Photograph by Donna Covrett

This is the mousse I made at Mecklenburg Gardens in the late ’70s. I am indebted to Master Chef Eugene Bernard, a Frenchman, disciple of Escoffier, renowned respected chef, and generous teacher. It is a classic preparation using hot sugar syrup and therefore requires attention and a gentle hand. Your patience will be rewarded—to this day I have never found a chocolate mousse I like better than his.

Yield: approximately 2 quarts or 8 servings


22 ounces cream (I am a huge fan of the Snowville brand)

1 ½ cups granulated sugar

3 tablespoons water

9 ½ ounces quality semi-sweet chocolate, chopped (see notes below)

10 large eggs, separated

1 tablespoon plus 1 teaspoon of Grand Marnier (see notes)


Digital scale

Candy thermometer

Stand mixer

Large mixing bowl


Whip cream until firm peaks. Refrigerate. Melt chocolate in double boiler or in a bowl set over simmering water. Set aside (it should remain lukewarm). Combine ¾ cup of the sugar plus the 3 tablespoons of water in a pot over a medium flame to dissolve. Increase heat and bring to 230 degrees on a candy thermometer. While the sugar is cooking, place yolks in the bowl of a stand mixer and whip at high speed until pale yellow. When sugar syrup has reached 230 degrees remove from heat and—with speed at lowest setting—add to whipped egg yolks. Increase speed to highest setting and whip for 15 minutes or until thick like butter. On low speed, add melted chocolate and mix until just blended. Transfer mousse base to large mixing bowl (at this point wash the stand bowl well until no traces of yolk remain). Fold in a quarter of the whipped cream into the mousse base to lighten it. Fold in the rest of the cream along with the Grand Marnier. Place the egg whites in the stand mixer with a pinch of salt. Whip at high speed, gradually adding the remaining ¾ cup of sugar. When the whites produce firm (not too stiff) peaks, fold ½ in to the chocolate base. Fold in the remaining until no streaks remain. Chill for two hours until set.


» The better the chocolate, the better the mousse. At least 70% cacao is recommended. I like to combine a little bittersweet with the semisweet.

» Use a scale to weigh the chocolate.

» Use Grade A large eggs, not extra large or jumbo.

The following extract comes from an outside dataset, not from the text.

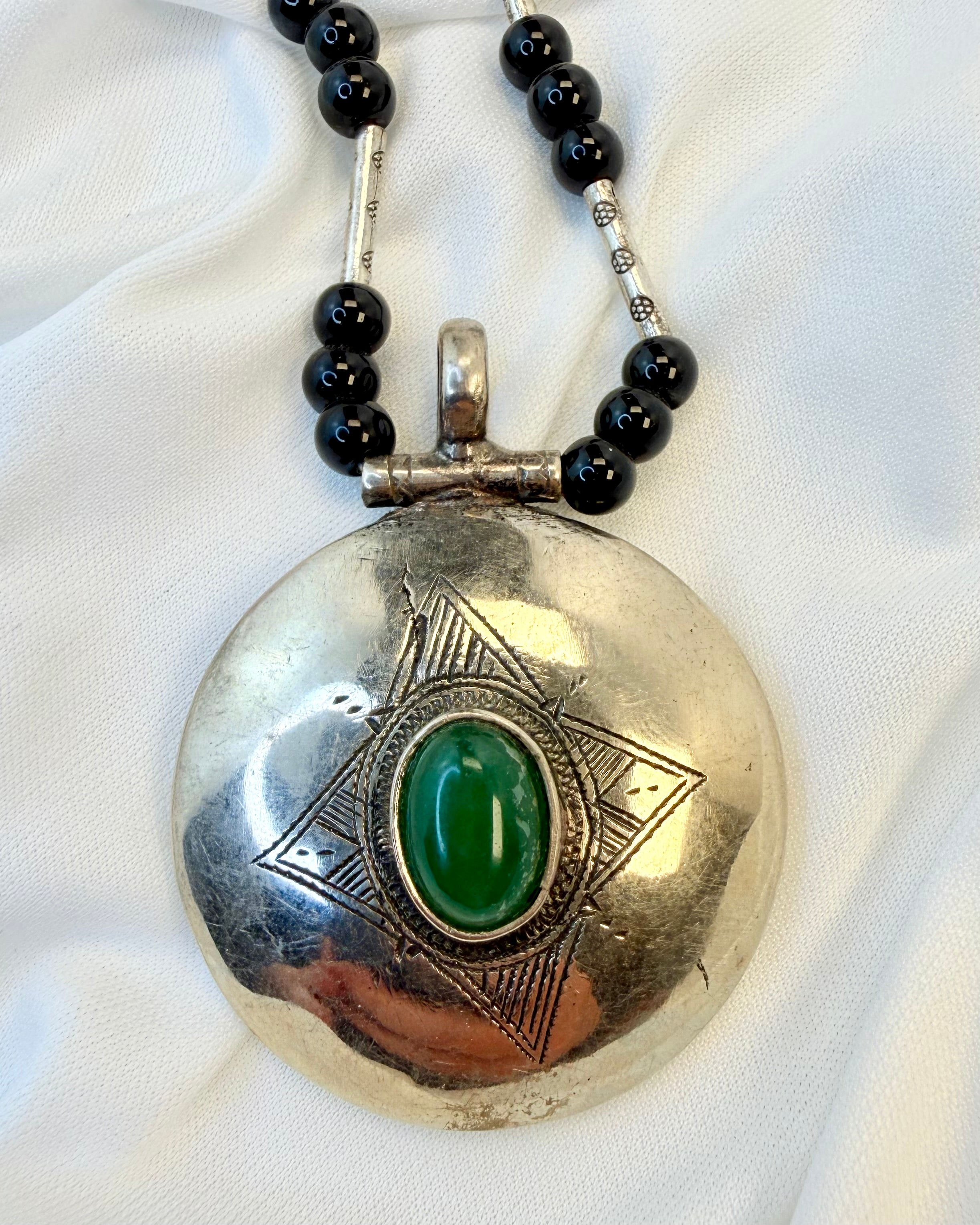 TAL OG HANDL UD FRA DIT HJERTE - AMULET - UNIKA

» Grand Marnier produces a better flavor than Cointreau or other orange liqueurs. You can also omit the liqueur.

» The best time to whip the yolks is after you’ve just turned the heat up on the sugar, so that while they are whipping you can keep an eye on the thermometer.

» When adding hot syrup to yolks, it’s important to have the speed at the very lowest setting, otherwise hot syrup could splash on skin or spin into threads on the side of the bowl.

» When folding in cream and whites, use a gentle over and under folding motion.If desired, you can spoon directly into serving bowls before chilling 2 hours.

» While the texture of this mousse is light, it is luxuriously rich. It doesn’t need much to accompany it, if anything.